WHAT YOU HAVE TO DO:
Return all the lines below exactly. Any picture among them is omitted.

DATA SECTION:
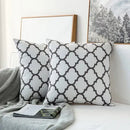 Axyaa Grey Geometric Embroidered Cotton Canvas Pillow Cover 45x45cm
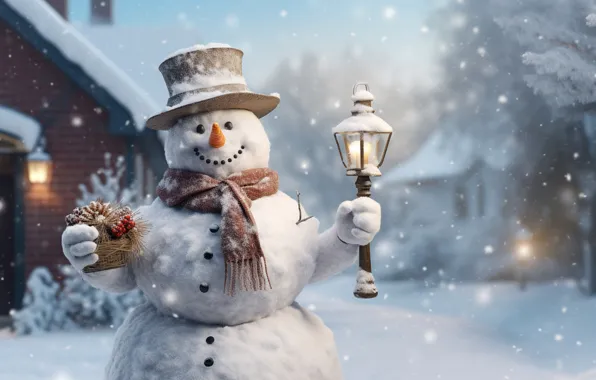 Картинка зима, снег, снежинки, елка, Новый Год, Рождество, снеговик, happy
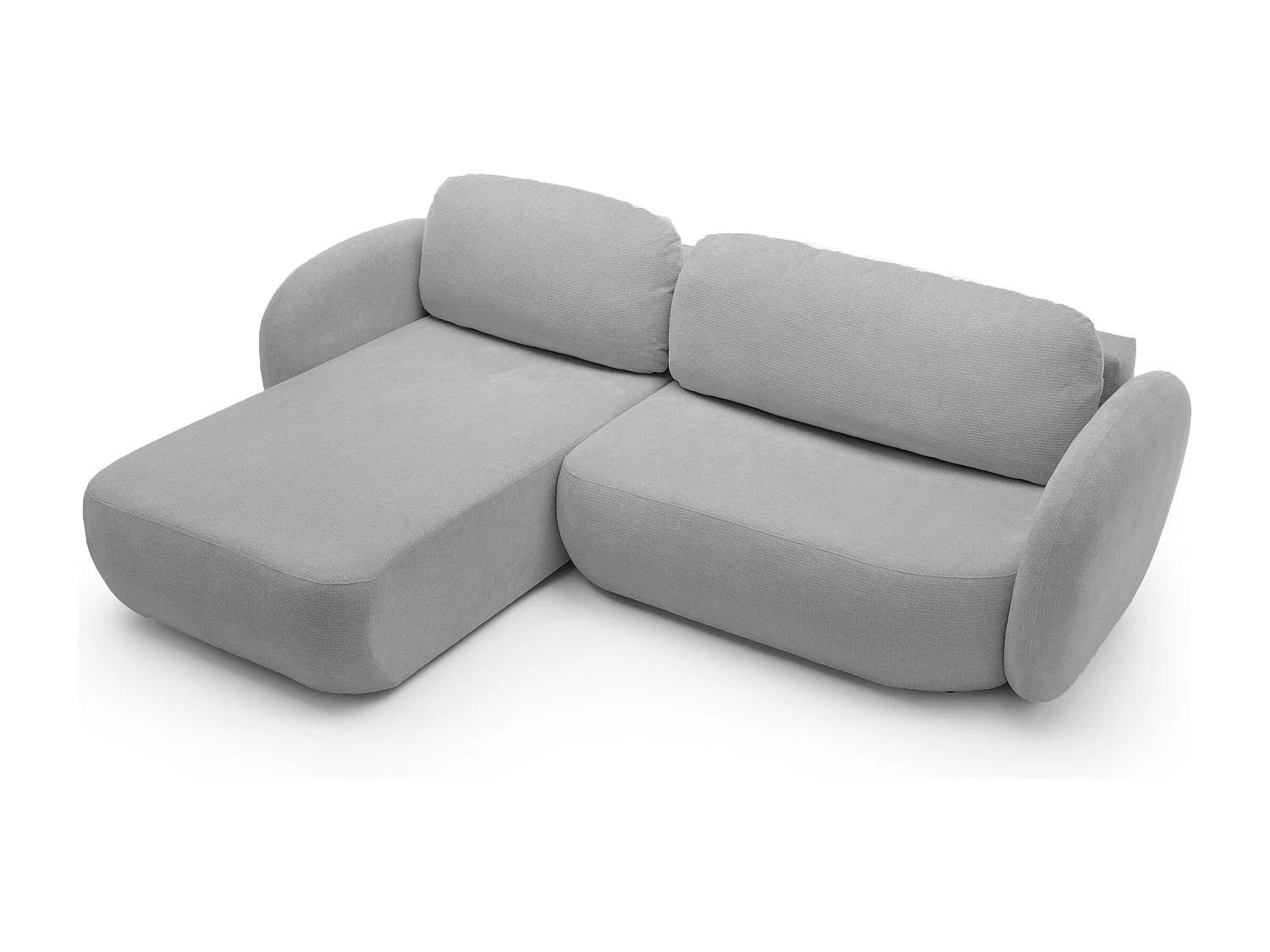 Canapé d'Angle OLIO L-Form avec Lit 138x210cm Coffre et Coussins Amovibles – Gauche 248x174x86cm ARGENT CLAIR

FINISHED TASK:
 Axyaa Grey Geometric Embroidered Cotton Canvas Pillow Cover 45x45cm
 Картинка зима, снег, снежинки, елка, Новый Год, Рождество, снеговик, happy
 Canapé d'Angle OLIO L-Form avec Lit 138x210cm Coffre et Coussins Amovibles – Gauche 248x174x86cm ARGENT CLAIR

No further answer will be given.